So, finally, I think that Dawkins' statement is logically correct.
The question about the opportunity of his words is a different one, and a second order one, too.
I have enough anectodic evidence about Catholic mothers mentally abusing their daughters to support my opinion. More often, what induces the abuse is not so much the character of the mother, as the compelling nature of the christian teaching that they have received, in their turn, from their own mothers. "If you don't behave that way you break Jesus' heart ("softer" version: my heart) and you are going to hell ("softer" version: to ruin your life)". I think that much pain would be avoided by just exposing the fact that this is a form of mental abuse and that the institutional teaching of religion is mainly responsible for that.
Andrea
Massimo, I also do not agree with your accusing Dawkins of scientism. You apparently say that science is about verifiable data, but then you have no data to prove or disprove the existence of God, so that's a matter for philosophy.

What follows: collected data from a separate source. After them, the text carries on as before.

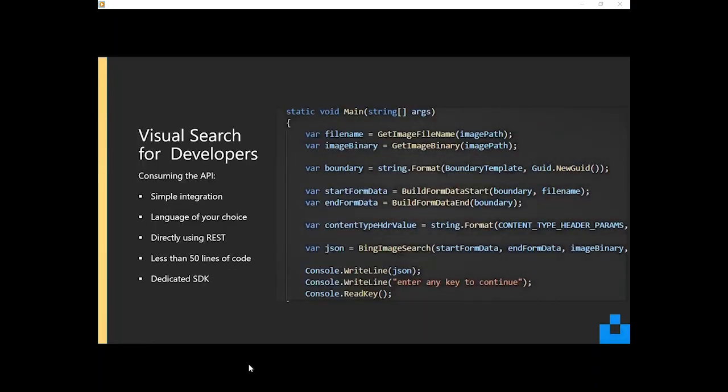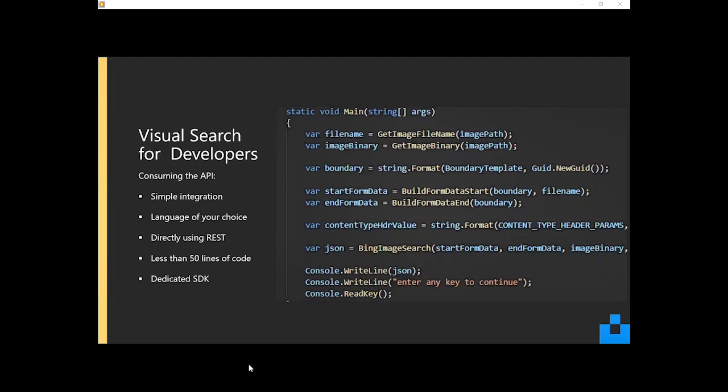From a developer's perspective, this is a common theme, right? And this applies across the board, and isn't just specific to the Bing search APIs. It applies to the whole of the Cognitive Services stack, is that consuming these APIs is relatively straightforward for developers.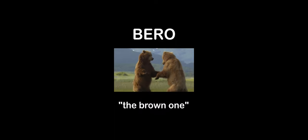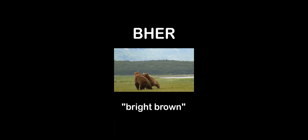This stems from the PIE root burr, meaning an anagram of her. Stop it! Burr meant bright brown.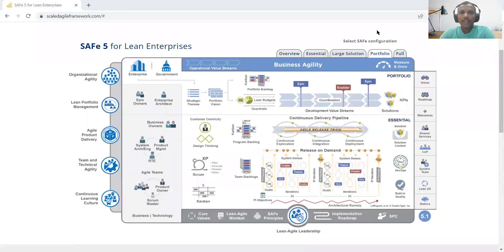Hello everyone. Today's topic, we are going to discuss about the Scaled Agile Framework, different configurations, and how we can start with the actual implementation and what is required for the essential implementation perspective.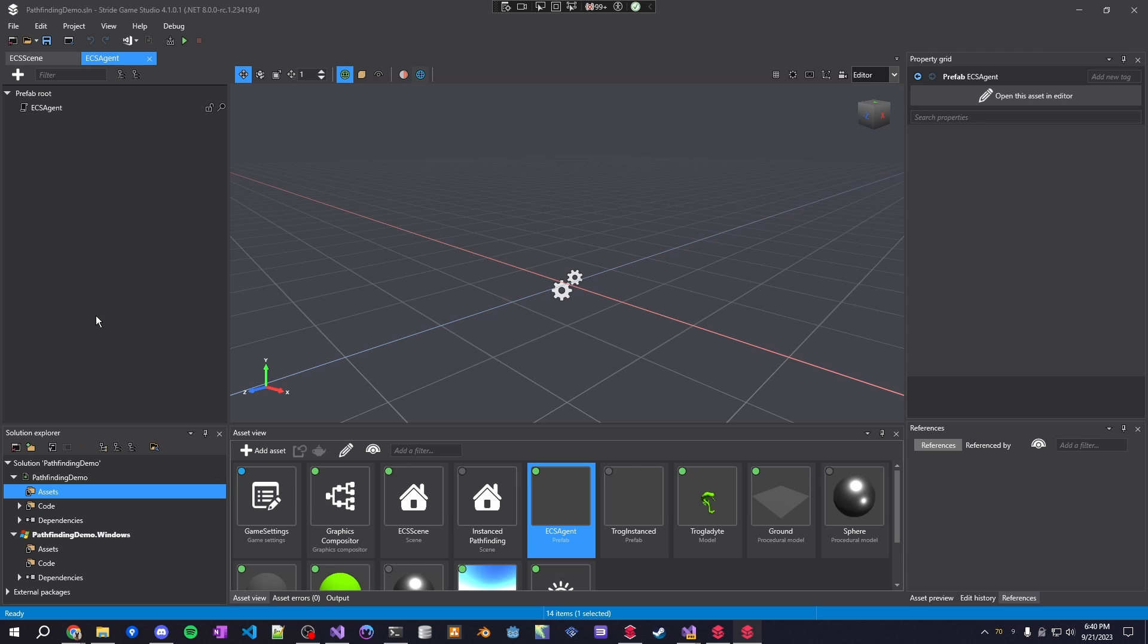In this video I wanted to go over the ECS architecture that's available built into Stride. I will warn you now it's not pure ECS in the sense of something like Svelto ECS or Arch because you do have the overhead of Stride entities in the background, but it does have the same component architecture and a very similar performance gain compared to default Stride.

ReplyDeleteNow, first of all, I don't see that sharp distinction between science and philosophy. Data without interpretation are meaningless, and data are usually sparse and indirect. So I would say instead that there is a continuum, on one side you have, in order of certainty, mathematics, physics, biology,... then you come to history, sociology, finally you get to philosophy, i.e. politics, ethics, etc. But there is a common scientific denominator: you must do everything possible to be honest and not fool yourself. By the way, the distinction between these subjects is ours because probably Aristotle would have called all the previous matters parts of philosophy. We have just lost the big picture.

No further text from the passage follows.